In this single-center prospective study, comparisons of the spatial overlap and functional markers derived from 18F-FDG PET-CT and DW-MRI before and during RT based on the medium of CT imaging were evaluated. The results of the current study show that it is feasible to select boosting of high 18F-FDG uptake zones within the GTV based on FDG PET-CT for definition of the volume in need of dose escalation (4, 5, 23). However, owing to exorbitant costs and physical burden to patients undergoing repeated PET procedures, MRI-guided Linear Accelerator (MRI-LINAC) with online MR-guided adaptive radiotherapy (MRgRT) in EC has been widely applied (24). Furthermore, ADC measurements on DW-MRI have potential for prediction of response to treatment in esophageal cancer patients, especially the relative ADC increase during and after treatment showed a trend towards a larger increase of ADC in good responders compared with poor responders (16). Hence, we aimed to explore whether the high signal area derived from DW-MRI can be used as tool for an individualized definition of the volume in need of dose escalation for EC. To our knowledge, this is the first prospective trial assessing the geometrical differences and metabolic parameters between two imaging modalities in the reirradiation treatment planning for esophageal squamous cancer.

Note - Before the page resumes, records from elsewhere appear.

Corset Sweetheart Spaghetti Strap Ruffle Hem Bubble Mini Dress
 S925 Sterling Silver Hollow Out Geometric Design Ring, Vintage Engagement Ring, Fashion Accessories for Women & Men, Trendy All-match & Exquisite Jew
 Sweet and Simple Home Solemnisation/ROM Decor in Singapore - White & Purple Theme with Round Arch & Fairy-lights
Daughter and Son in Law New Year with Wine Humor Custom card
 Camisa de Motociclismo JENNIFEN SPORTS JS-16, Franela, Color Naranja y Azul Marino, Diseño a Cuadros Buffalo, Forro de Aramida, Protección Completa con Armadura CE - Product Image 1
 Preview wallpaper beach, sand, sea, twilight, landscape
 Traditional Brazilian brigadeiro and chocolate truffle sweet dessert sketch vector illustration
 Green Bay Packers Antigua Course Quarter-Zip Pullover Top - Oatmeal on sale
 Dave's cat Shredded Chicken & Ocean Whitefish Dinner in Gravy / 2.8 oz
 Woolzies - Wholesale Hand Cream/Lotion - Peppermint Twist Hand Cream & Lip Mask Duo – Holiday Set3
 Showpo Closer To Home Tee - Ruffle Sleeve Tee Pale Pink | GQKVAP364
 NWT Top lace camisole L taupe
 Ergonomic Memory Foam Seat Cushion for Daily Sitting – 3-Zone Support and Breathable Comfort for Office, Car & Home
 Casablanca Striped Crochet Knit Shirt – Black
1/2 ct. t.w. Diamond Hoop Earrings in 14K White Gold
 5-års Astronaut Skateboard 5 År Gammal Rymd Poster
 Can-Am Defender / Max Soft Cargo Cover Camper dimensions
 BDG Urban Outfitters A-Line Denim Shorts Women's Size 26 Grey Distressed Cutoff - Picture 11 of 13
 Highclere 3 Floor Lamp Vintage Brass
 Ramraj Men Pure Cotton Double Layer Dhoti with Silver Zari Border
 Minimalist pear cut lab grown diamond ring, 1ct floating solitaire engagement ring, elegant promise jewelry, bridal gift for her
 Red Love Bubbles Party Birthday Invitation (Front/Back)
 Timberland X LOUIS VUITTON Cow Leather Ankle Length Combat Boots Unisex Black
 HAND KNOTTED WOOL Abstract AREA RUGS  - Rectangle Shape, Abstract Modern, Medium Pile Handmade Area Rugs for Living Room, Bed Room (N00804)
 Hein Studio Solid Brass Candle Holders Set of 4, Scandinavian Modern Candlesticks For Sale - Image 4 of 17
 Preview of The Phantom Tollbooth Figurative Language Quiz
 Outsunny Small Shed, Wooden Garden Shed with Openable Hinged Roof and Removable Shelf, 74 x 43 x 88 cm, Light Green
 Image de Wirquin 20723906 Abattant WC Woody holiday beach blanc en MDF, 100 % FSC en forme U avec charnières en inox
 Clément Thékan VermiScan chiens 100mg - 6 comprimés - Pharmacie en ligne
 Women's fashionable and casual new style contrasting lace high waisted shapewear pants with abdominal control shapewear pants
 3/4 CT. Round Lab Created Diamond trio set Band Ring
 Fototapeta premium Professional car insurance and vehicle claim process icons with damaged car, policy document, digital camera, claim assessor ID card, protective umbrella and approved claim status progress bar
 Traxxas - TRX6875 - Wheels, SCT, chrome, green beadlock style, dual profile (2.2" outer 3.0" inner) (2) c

Currently, the method of gradient-based algorithm (PETEdge) has been found to correspond better to pathological specimens than manual or relative threshold-based methods (19). However, no single PET-based segmentation algorithm has yet performed better than manual CT delineation alone (16), implying that PET-guided adaptive radiotherapy was insufficient for clinical decision-making. Till date, CT imaging remains the gold standard for GTV delineation and treatment planning evaluation. On this basis, our data suggest that the volume of GTVCT exhibited a significant positive correlation with that of GTVPET and GTVDWI.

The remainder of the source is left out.